How do we show all this is true (at least by a physicist's as opposed to a mathematician's proof)? There is a way to account for the Maxwell Daemon and the Szilard Engine that makes these two thought experiments comply with the second law of thermodynamics in the long term and that is through Landauer's Principle: the idea that the merging of two computational paths or the erasing of one bit of information always costs useful work, an amount given by $k_B\,T\,\log 2$, where $k_B$ is Boltzmann's constant and $T$ the temperature of the system doing the computation.
This argument was finalised by Charles Bennet, whose excellent reference paper here is Charles Bennett, "The Thermodynamics of Computation: A Review", Int. J. Theo. Phys., 21, No. 12, 1982.
Bennett invented perfectly reversible mechanical gates ("billiard ball computers") whose state can be polled without the expenditure of energy and then used such mechanical gates to thought-experimentally study the Szilard Engine and to show that Landauer's Limit arises not from the cost of finding out a system's state (as Szilard had originally assumed) but from the need to continually "forget" former states of the engine.

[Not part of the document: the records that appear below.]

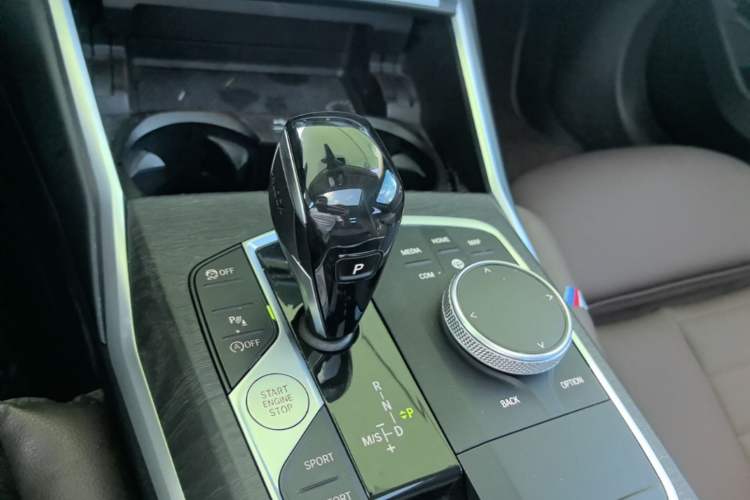 Used BMW 3 Series 2020 325i M Sport Package Gear Lever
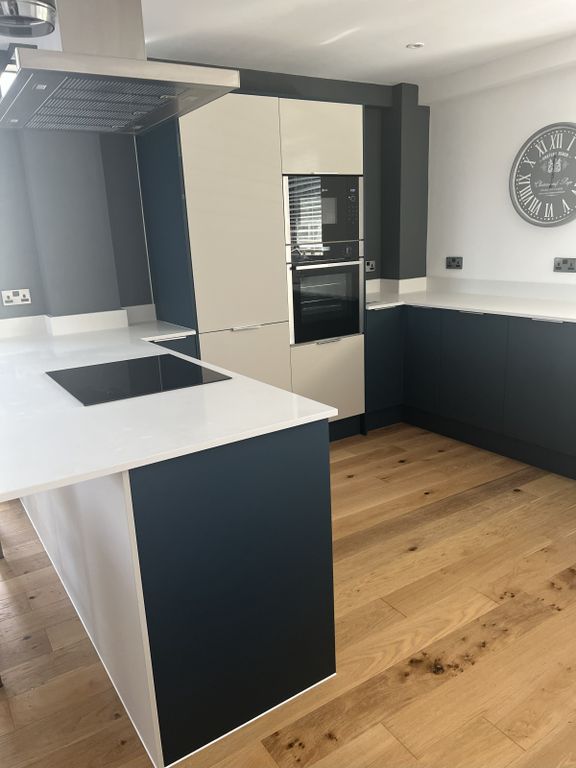 Property photo 3 of 9 Gallery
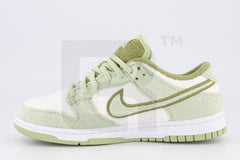 Nike Dunk Low SE "Fleece Pack Honeydew" (W)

Probing this idea more carefully, as also done in Bennett's paper: One can indeed conceive non-biological simple finite state machines to realise the Maxwell Daemon - this has actually been done in the laboratory and as the Daemon converts heat to work, it must record a sequence of bits describing which side of the Daemon's door (or engine's piston, for an equivalent discussion of the Szilard engine) molecules were on. So we get the same situation as our electron spin receiver above: for a finite memory machine, one needs eventually to erase the memory so that the machine can keep working, thus ultimately the need to throw thermodynamic entropy out of the Maxwell Daemon.
Signal to Noise Limitations
You might like to see my answer here to Maximum theoretical bandwidth of fibre-optics. Here the energy requirements to send information are indeed lower bounded by quantum mechanics and the statistics of counting photons. You must send a minimum number of photons to represent a symbol with acceptably low uncertainty. If you can send the knowledge of a system's state noiselssly, then you can theoretically transmit anything you like at symbol rates approaching zero bits per second. Given a description of an information sending channel that includes the realisable signal to noise ratio, the Shannon-Hartley form of the Noisy channel coding theorem (see also here) indirectly put lower bounds on the energy needed to send information in the face of noise. These remarkable theorems show that there is always a way to send information in an arbitrarily noisy environment, but our bandwidth is limited by the noise, given available energy supply to send information. Thus, although the Voyager 1 probe is still in contact with Earth, its transmission rate is exceedingly low.